The CBN letter to MTN on its investigations and findings dated 28/8/2018 and routed through Standard Chartered Bank, with number GVD/GOV/CON/DGF/118/121 signed by the CBN Governor Godwin Emefiele, had stated thus: i. The shareholders of your company invested the sum of $402,590,261.03 in the company from 2001 to 2006; ii. The investment was carried out through the inflow of foreign currency cash transfers and equipment importation, which was evidenced by the CCIs issued by Standard Chartered Bank, Citi Bank and Diamond Bank; iii. The CCIs issued at the time of the investment by the above banks to your organization in respect of the $402,590,261.03 showed that $59,436,923.44 was invested as shareholders’ loan and $343,153,339.56 as equity; iv.
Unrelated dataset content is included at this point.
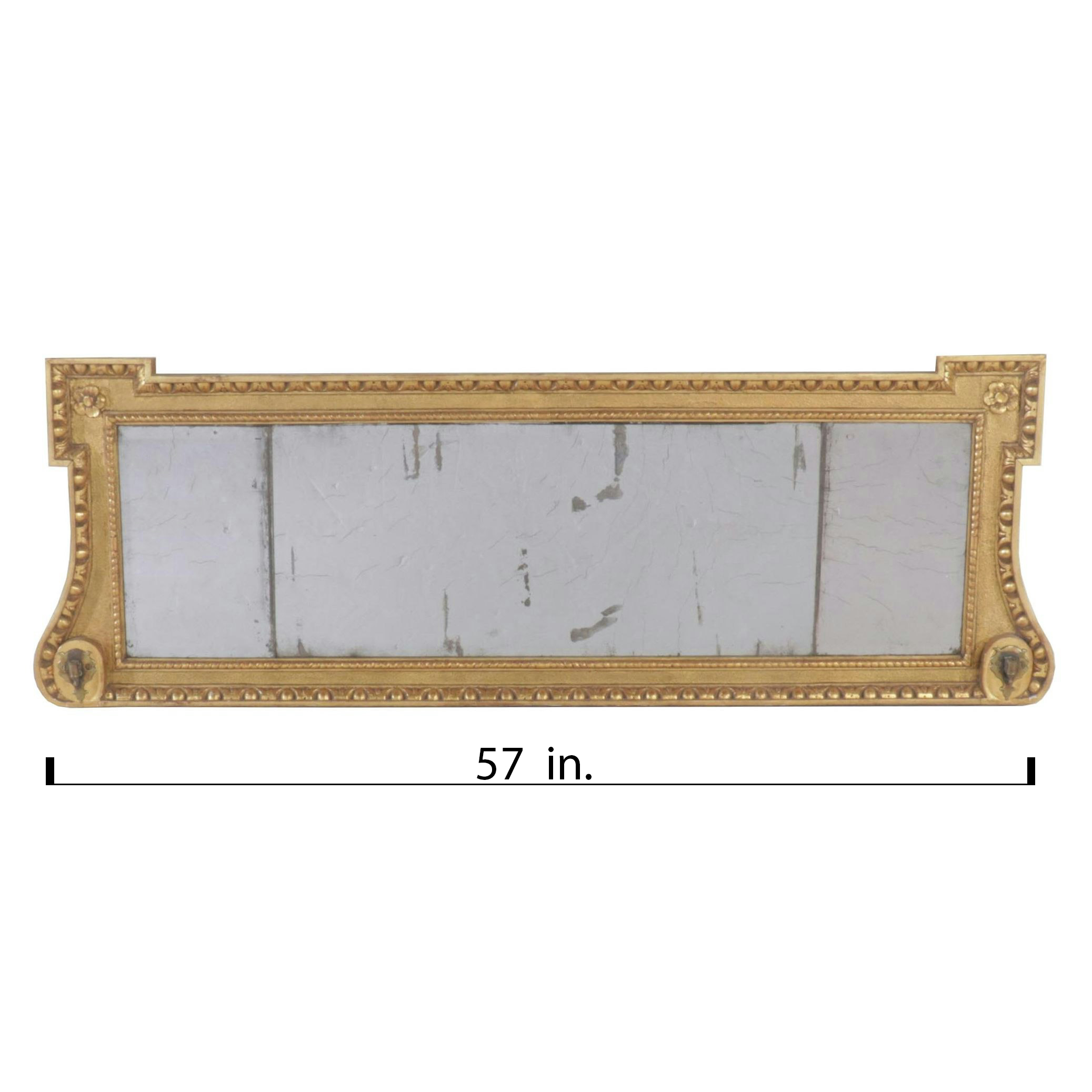 Louis XVI Style Giltwood Overmantel Mirror with Candlestick Insert Brackets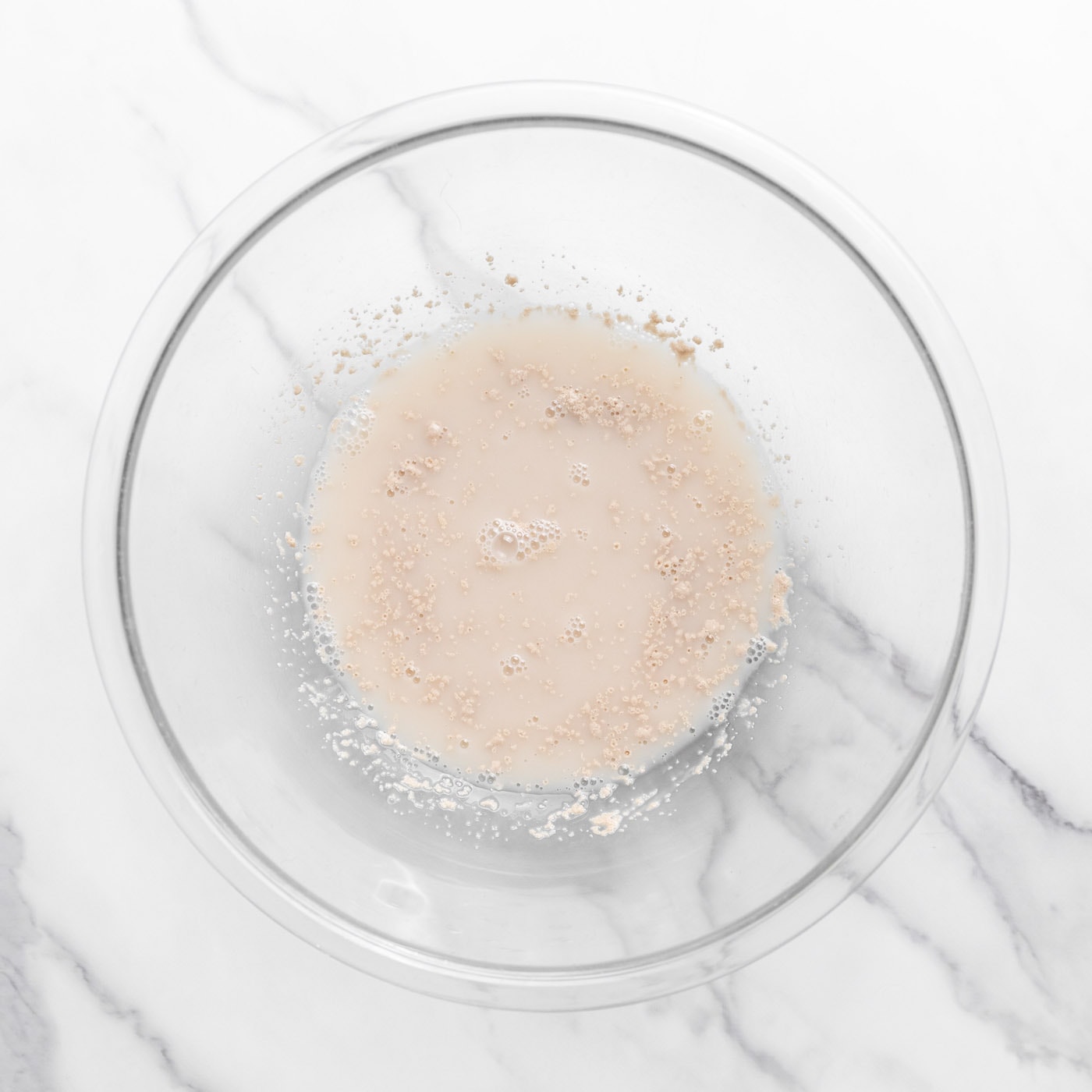 instant yeast and water in a bowl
However, a review of your organisation’s financial statements for the year ended December 31, 2007 revealed that $399,594,146.00 was recorded/invested as shareholders’ loan and $2,996,117.00 as equity investment, in accordance with the shareholders’ agreement but contrary to the CCIs issued by the banks in (iii above….”
Essentially, the apex bank revealed it had investigated the five companies on three key “infractions”: Issuance of certificates of capital importation for three items (1) foreign currency sourced locally; (2) falsely declared capital importation; and (3) on interest-free loans converted to preference share without authorization. “The CBN examiners had been investigating three charges of infractions against the four banks and MTN, particularly the manner of funding the equity investment into MTN and the subsequent capital repatriation that resulted thereafter,” Emefiele had said in an interview to clarify the issue.
According to Emefiele, the third infraction “is actually the crux of the matter in dispute,” which is the “unauthorised conversion of a loan of $399 million to preference shares by the MTN and the banks and thereafter the repatriation of the sum of $8.1 billion without CBN’s final approval.”
The very first puzzle to any informed monitor of the unfolding case will be the time lapse between the infraction and the sanction. The infraction happened 11 years ago, 2007 as shown by item iv in the CBN letter. And the CBN cannot claim ignorance in this case because item v. of the same letter clearly stated that Standard Chartered Bank sought “CBN’s approval to convert the shareholders’ loan to preference shares,” and that “an approval-in-principle was granted,” pending the fulfillment of certain conditions. As a regulator, what steps did the CBN take to ascertain that the given conditions had been met? The Foreign Exchange (Monitoring and Miscellaneous Provisions) Act, 1995 of the Federal Republic of Nigeria that CBN succinctly quoted in its letter mandated that an authorised forex dealer who issued a CCI to an investor must “within 48 hours thereafter make returns to the Central Bank.” In its defence on the conversion, Stanbic IBTC Bank had denied involvement in any loan conversion but stated that the “CCIs issued by and received from Standard Chartered Bank Limited indicated inflows that had been received for preference shares and made no reference to any shareholder loans.” What this means is that there was a CCI already on the converted loans, which Standard Chartered Bank forwarded to Stanbic IBTC Bank. Based on the Act, CBN must have received a report on that CCI 48 hours after the issuance. So, why did it take this long for CBN to act on a falsification? And why did it take “allegations” about three years ago (CBN said it started investigating the issue 30 months ago), obviously by an external stakeholder, for CBN to act on what it already knew over 8 years prior?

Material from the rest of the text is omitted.